Source records
⟨
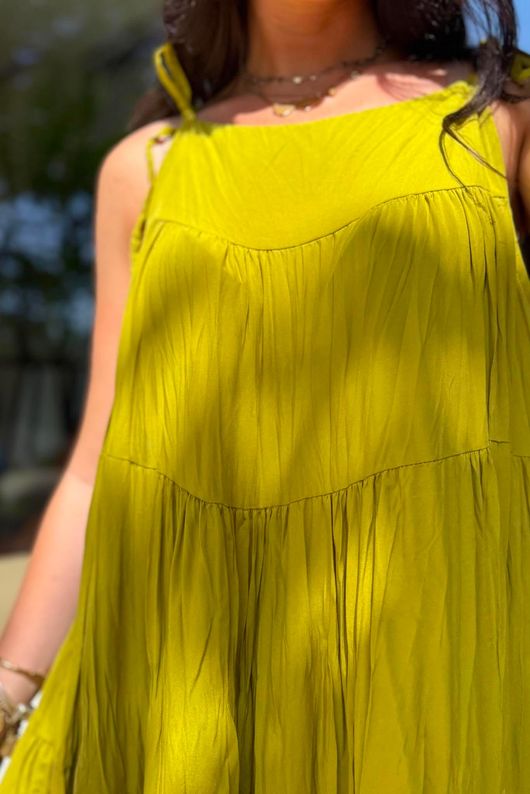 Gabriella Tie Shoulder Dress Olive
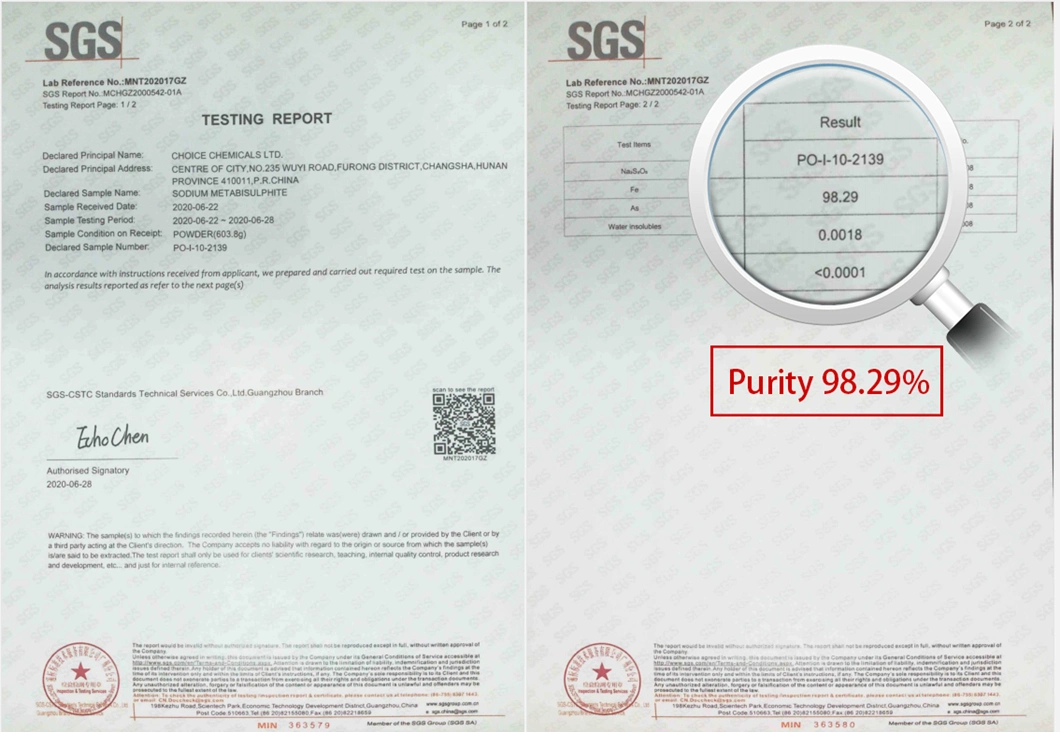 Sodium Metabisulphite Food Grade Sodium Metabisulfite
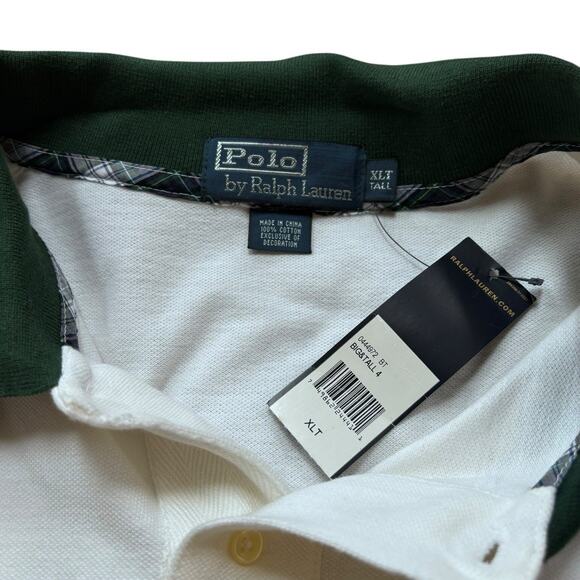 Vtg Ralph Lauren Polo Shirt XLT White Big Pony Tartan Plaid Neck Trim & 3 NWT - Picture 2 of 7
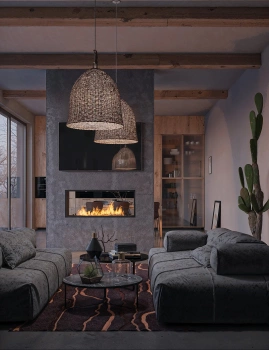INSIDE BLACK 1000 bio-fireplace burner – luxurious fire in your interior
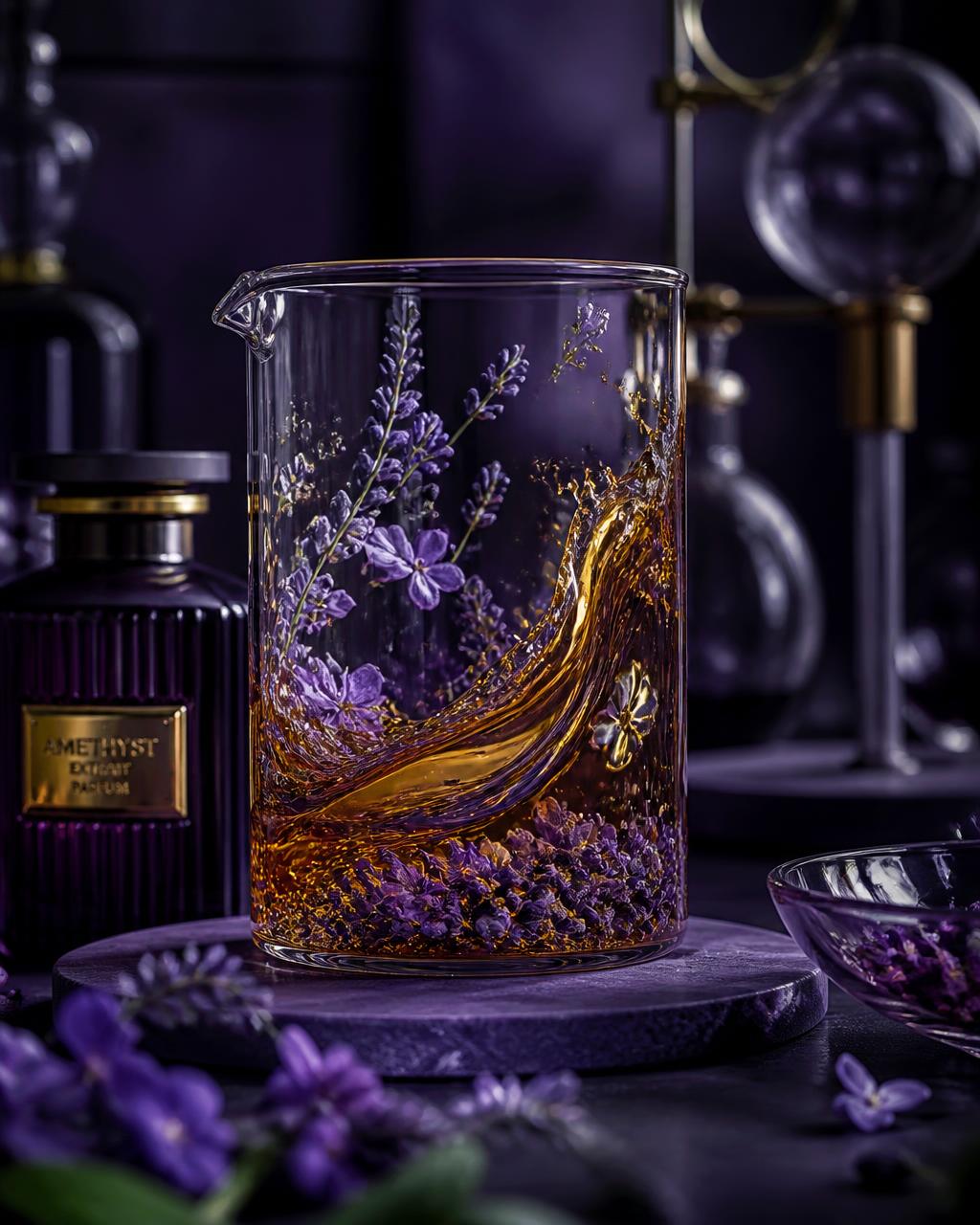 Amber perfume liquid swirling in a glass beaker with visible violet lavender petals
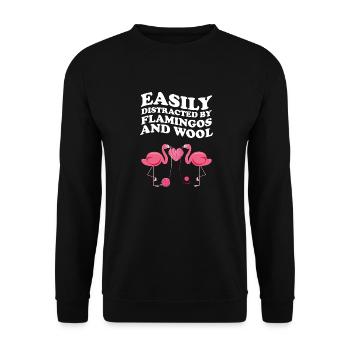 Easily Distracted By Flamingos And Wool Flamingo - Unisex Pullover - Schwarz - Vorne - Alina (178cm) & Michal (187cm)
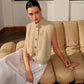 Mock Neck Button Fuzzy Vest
⟩
⟨
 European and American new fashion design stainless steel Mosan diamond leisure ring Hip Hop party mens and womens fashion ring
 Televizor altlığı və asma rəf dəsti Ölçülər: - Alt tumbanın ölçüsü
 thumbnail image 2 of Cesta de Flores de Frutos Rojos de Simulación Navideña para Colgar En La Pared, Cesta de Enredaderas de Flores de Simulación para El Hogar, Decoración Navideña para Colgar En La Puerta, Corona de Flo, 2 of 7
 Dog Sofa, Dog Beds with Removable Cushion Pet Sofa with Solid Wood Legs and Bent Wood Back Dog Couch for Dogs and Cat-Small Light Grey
⟩
Copy out precisely the lines from the line with "European and American" to the line with "Dog Sofa, Dog" in the material above, including those two lines and omitting all the rest.

 European and American new fashion design stainless steel Mosan diamond leisure ring Hip Hop party mens and womens fashion ring
 Televizor altlığı və asma rəf dəsti Ölçülər: - Alt tumbanın ölçüsü
 thumbnail image 2 of Cesta de Flores de Frutos Rojos de Simulación Navideña para Colgar En La Pared, Cesta de Enredaderas de Flores de Simulación para El Hogar, Decoración Navideña para Colgar En La Puerta, Corona de Flo, 2 of 7
 Dog Sofa, Dog Beds with Removable Cushion Pet Sofa with Solid Wood Legs and Bent Wood Back Dog Couch for Dogs and Cat-Small Light Grey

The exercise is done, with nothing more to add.